**ACTIVITY**
In the listing that follows, locate the line containing "Non-pierced Earrings Set" and the line containing "Beautiful Viscose Weaving". Retype exactly those two lines and every line between them, and nothing more.

**PROVIDED RECORDS**
===

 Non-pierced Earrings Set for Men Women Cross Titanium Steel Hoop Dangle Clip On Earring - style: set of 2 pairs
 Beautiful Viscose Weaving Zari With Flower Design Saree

===

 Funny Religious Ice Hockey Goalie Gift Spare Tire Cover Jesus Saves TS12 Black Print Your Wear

===

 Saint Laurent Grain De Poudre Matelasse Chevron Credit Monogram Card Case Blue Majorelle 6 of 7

===

**WRITTEN SOLUTION**
 Non-pierced Earrings Set for Men Women Cross Titanium Steel Hoop Dangle Clip On Earring - style: set of 2 pairs
 Beautiful Viscose Weaving Zari With Flower Design Saree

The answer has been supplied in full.